Désormais, du haut de mes 26 ans, je ne pus m’empêcher de penser à quel point mon présent différait de mes ambitions passées. Devais-je maintenant l’ensevelir avec une poignée de sable et me tourner vers l’horizon ? « En réalité, on ne choisit pas sa carrière. Ce n’est plus comme lorsqu’on est petit. C’est en grandissant qu’on se rend compte que c’est difficile de réussir. » Car oui, « quand j’étais petit, j’aspirais à être docteur ! »  Cependant, je ne m’inquiétais pas pour autant, car mon sourire ne cessait de s’élargir. Je passais la plupart de mon temps à « tester et jouer à des jeux vidéo ». Je pus alors me reposer et me détendre plus souvent en compagnie de mes collègues. J’appréciais mon nouveau métier, finalement. Mon salaire restait toutefois peu élevé, mais je gagnais maintenant suffisamment pour pouvoir loger seul, et en plus nourrir ma famille qui ne cessait de s’agrandir, avec l’arrivée de mes deux frères et de ma sœur venant de naître. J’occupai ainsi le poste pendant quatre ans.

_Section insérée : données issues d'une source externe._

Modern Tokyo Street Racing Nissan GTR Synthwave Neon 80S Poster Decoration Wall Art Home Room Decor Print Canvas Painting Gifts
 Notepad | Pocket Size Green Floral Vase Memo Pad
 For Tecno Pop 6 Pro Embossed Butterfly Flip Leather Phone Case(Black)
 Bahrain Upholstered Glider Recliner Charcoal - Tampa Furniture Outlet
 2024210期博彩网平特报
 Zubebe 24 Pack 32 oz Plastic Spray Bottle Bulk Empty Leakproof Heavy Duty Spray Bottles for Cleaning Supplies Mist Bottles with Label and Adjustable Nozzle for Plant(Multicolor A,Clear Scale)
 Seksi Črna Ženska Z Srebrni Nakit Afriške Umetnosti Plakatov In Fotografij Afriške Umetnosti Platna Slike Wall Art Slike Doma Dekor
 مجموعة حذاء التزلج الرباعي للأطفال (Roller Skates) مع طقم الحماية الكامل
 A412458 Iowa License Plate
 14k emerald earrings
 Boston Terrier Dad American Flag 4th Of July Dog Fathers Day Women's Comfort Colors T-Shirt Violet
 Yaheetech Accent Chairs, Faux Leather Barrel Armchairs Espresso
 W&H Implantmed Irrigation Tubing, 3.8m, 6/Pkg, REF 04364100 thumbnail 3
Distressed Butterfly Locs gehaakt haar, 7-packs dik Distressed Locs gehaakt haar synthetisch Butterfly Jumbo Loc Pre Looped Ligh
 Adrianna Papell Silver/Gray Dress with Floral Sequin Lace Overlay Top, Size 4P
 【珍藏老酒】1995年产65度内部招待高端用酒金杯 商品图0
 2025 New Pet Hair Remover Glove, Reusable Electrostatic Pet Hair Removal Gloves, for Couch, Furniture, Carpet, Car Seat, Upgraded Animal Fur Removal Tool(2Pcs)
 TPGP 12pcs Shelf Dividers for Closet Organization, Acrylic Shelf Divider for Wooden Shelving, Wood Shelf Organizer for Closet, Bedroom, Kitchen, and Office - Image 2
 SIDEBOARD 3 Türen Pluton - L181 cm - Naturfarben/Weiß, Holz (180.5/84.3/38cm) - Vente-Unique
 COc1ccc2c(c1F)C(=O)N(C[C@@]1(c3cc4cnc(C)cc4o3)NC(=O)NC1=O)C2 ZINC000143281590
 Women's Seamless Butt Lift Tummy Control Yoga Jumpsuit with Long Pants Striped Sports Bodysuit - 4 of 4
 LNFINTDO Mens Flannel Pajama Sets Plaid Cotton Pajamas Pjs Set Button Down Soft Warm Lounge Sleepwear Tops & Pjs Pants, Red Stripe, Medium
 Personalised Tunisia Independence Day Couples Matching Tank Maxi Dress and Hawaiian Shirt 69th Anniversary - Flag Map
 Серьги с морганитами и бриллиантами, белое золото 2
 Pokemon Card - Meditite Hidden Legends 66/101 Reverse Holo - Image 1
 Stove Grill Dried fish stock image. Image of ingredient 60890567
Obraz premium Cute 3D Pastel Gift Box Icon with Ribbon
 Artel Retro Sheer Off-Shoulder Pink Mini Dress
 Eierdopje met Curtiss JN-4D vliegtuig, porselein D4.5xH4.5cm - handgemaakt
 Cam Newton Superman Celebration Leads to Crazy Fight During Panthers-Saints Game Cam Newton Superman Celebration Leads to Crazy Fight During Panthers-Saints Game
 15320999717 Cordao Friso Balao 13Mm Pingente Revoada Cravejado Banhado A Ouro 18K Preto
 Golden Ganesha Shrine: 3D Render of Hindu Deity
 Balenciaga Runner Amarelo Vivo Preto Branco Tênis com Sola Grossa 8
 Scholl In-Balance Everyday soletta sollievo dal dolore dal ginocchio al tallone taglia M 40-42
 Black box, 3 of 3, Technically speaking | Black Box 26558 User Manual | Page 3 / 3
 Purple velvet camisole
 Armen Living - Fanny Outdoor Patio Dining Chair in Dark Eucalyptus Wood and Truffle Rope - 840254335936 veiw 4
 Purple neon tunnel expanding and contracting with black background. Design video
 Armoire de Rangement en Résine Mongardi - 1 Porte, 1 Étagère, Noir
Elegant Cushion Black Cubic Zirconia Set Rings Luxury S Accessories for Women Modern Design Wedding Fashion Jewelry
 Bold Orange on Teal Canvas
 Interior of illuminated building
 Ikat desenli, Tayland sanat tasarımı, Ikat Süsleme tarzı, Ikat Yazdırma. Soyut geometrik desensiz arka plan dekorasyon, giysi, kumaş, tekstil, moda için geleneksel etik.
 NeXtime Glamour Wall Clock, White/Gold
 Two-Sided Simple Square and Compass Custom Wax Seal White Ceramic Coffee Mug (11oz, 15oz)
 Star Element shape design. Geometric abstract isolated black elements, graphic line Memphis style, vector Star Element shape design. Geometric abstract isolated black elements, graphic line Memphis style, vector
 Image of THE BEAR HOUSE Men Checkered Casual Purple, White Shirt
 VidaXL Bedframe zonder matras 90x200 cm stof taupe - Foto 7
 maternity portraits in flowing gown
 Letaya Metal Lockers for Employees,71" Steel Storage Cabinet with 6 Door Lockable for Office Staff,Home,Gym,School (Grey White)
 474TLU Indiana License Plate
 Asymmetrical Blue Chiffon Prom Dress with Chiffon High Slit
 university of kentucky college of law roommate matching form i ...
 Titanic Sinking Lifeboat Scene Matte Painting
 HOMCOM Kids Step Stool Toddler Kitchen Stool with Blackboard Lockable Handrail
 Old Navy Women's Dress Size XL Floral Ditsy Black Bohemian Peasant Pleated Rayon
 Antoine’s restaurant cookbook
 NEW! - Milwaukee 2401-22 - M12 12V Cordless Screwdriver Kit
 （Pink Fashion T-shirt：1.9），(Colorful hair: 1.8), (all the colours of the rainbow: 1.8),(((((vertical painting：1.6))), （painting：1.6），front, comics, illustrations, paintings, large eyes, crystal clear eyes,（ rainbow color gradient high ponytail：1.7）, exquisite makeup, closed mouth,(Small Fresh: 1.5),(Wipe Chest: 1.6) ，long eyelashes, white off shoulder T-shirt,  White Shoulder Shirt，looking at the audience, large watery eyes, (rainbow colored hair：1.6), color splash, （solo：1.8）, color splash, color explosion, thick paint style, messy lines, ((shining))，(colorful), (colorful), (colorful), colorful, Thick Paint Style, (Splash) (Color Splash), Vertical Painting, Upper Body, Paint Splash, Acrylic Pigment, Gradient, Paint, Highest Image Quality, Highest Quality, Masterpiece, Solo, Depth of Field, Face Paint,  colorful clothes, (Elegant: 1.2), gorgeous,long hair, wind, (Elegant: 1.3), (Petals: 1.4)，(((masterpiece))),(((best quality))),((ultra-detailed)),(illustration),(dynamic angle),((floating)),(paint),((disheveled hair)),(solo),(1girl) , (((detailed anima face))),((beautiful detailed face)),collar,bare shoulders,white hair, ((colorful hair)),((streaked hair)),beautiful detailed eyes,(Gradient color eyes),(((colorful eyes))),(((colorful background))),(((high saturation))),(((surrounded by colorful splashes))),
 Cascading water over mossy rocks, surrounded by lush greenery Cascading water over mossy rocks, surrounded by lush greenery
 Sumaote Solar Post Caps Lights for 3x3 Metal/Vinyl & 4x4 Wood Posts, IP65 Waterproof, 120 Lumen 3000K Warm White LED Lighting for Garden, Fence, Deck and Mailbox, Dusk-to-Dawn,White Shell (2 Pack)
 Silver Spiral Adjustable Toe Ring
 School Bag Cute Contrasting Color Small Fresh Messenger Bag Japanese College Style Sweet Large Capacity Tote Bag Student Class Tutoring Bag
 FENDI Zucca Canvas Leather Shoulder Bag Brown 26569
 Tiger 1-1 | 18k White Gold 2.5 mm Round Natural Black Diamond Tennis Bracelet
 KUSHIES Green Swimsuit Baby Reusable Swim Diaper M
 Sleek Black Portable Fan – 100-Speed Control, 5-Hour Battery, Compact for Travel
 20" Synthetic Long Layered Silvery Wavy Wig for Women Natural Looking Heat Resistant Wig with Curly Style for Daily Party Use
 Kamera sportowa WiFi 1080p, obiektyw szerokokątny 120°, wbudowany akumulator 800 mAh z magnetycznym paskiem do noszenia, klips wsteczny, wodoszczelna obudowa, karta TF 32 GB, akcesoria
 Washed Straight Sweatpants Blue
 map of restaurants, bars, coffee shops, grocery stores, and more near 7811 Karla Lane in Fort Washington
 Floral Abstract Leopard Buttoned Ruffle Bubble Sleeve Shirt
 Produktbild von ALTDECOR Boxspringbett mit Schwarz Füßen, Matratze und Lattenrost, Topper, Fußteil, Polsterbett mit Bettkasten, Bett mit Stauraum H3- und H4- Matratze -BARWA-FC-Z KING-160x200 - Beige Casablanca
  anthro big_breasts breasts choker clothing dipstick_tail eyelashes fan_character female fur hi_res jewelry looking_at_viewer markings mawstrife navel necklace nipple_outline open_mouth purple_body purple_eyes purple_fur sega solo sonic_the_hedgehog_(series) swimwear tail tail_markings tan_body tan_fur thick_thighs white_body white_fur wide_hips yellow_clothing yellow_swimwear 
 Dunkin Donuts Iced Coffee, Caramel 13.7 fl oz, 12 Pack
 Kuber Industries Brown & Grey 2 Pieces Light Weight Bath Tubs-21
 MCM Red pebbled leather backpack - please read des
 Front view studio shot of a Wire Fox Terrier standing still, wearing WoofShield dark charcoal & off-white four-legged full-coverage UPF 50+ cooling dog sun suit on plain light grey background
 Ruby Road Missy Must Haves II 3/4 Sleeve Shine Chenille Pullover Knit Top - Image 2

L’épicerie : « Ce travail, c’est comme devoir labourer la terre. »

Vêtu d’une palette de couleurs amplifiant ses formes – c’est cela qui lui donnait son charme – l’épicerie occupait un espace minimalisé mais tel un magicien, tout semblait rentrer. Malgré cet espace restreint, un petit passage trouvait sa place au milieu des paquets encombrants. C’est l’entrée qui donnait de la lumière au local de 10m² dans le même KTT mais aussi l’ampoule accrochée au plafond. Tant de lumière éblouissait mon visage pâle. Je reculai alors de peur et me fondis dans le noir. Je ne grimaçai pas et ne prononçai un mot. Seulement, lorsque le client apparut, je sortis ma tête de sous le comptoir et en émergeai telle une tortue. « Ce travail, c’est comme devoir labourer la terre. » Quand les affaires eurent fini, je me retournai et vis derrière moi, ma femme : qu’elle était belle ! Ma femme et mes enfants étaient une des raisons de mon énième changement de profession : gagner, financer, subsister.

« Ce travail, c’est comme devoir labourer la terre. » (Crédit : Clara Cuvelier)

« Ce travail, c’est comme devoir labourer la terre. » (Crédit : Clara Cuvelier)

Avec la  pression du mariage que m’imposaient mes parents, j’épousai la femme avec qui j’eus deux beaux enfants. « La famille avant tout », je le répétais tous les jours pour me remonter le moral. Lorsque je fus hospitalisé une nouvelle fois, ma femme avait dû gérer l’épicerie seule. À partir de cinq heures du matin, elle venait jusqu’à l’hôpital où je logeais afin de veiller sur moi, puis elle enjambait aussitôt sa moto pour se rendre à notre boutique. Certaines personnes ont pitié de moi et me traite d’incapable et d’handicapé mais selon moi mon handicap est ce qui fait mon caractère. « J’ai choisi ce métier parce que j’ai été amputé d’un bras et d’une jambe. » Jamais je ne me verrais rester chez moi et laisser ma femme travailler à ma place. Mon caractère crée une âme. Celle de l’épicerie, celle du vendeur, de l’acheteur et du quartier. En quittant celle-ci, un sourire s’afficha sur mon visage parce que je venais juste d’encaisser 100.000 VND d’un client. Continuant leur chemin habituel, les clients partirent avec un sac en plastique enveloppant ce qu’ils avaient acheté, avec un peu moins d’argent dans leur poche.